2024年4月24日(水)

パラアスリート~越えてきた壁の数だけ強くなれた

2014年10月9日

大学時代の「気の緩み」と弱視への認識

 そして篠原信一監督率いる天理大学へ進学する。

 基礎体力はすでに高校時代にできているため練習は短時間に集中して行われた。

 「篠原先生は重量級の選手全員に毎日稽古をつけてくれるのですが、はじめの頃は先生と稽古すると体力を吸い取られるような感覚がしました。それだけ力の差があるというか、格の違いがあるということです」

 上下関係や寮生活は厳しいものの全国から強者が集まる天理大は、個々の練習は部員の自主的な取り組みに任されている。

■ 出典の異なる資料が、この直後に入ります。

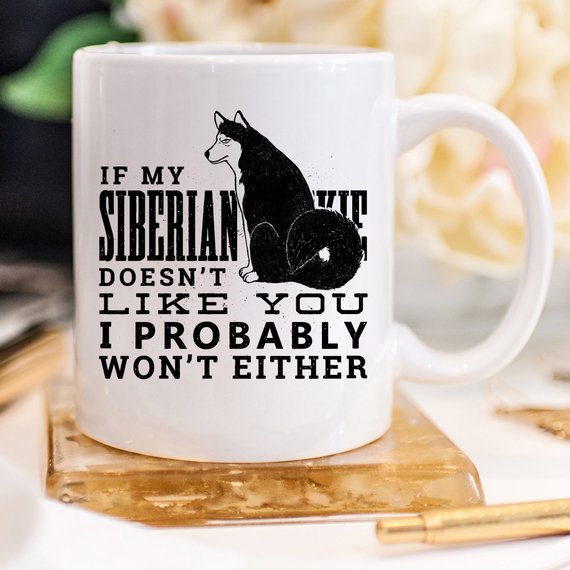 Funny coffee mug featuring a Siberian Husky design with the quote 'If My Siberian Husky Doesn't Like You, I Probably Won't Either'.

したがって高校生の頃のように細かく指示を出されることや、熱い言葉で背中を押されることもない。

 正木曰く「これで僕の悪いところが出てしまったのです」と笑う。

 「僕は先生がいなくなると手を抜いてしまうのですが(笑)、大学の時はその悪いところが出てしまったのです。先生がいないところでは追い込まなくてもいい、なんて……。そんな気持ちでいると、周りにいる本当に強くなりたいと思っている選手と差が開いてしまうのです。それが当時はわかっていませんでした。だから大学では結果が残せなかったと思います」

 言葉の通りであれば「さぼり?」と受け取れる。今にして思える反省なのかもしれないが、当時の正木にとって集団生活はそれ自体が心をすり減らすほど疲労を伴うものだったはずだ。本人の自覚がなかっただけで、幼い頃から健常者と共に規則や時間通りに生活すること自体が厳しかったのだろう。先生がいないと気が緩んでしまうというのも、こうした蓄積の影響ではないかと考えられる。決してさぼりではない。疲弊しきっていた心と身体が休息を欲していたのだと筆者は補いたい。しかし、正木は弱視のことは絶対に理由にしてはいけないという思いがあった。問題はあくまでも自分の心にあるということだ。

 弱視のことが顕在化するのは、大学4年の健康診断の時である。再検査を経て著しい視力の低下が明らかになった。警察官や刑務官に就きたいと考えていた正木にとって、弱視で色が識別できない状態に「この先どうしたらいいのだろうか」と将来が見えなくなって頭を抱えていた時に徳島県立盲学校の高垣治教諭に出合った。高垣はバルセロナパラリンピック95kg級の金メダリストである。これが正木の人生を変えるキッカケとなる。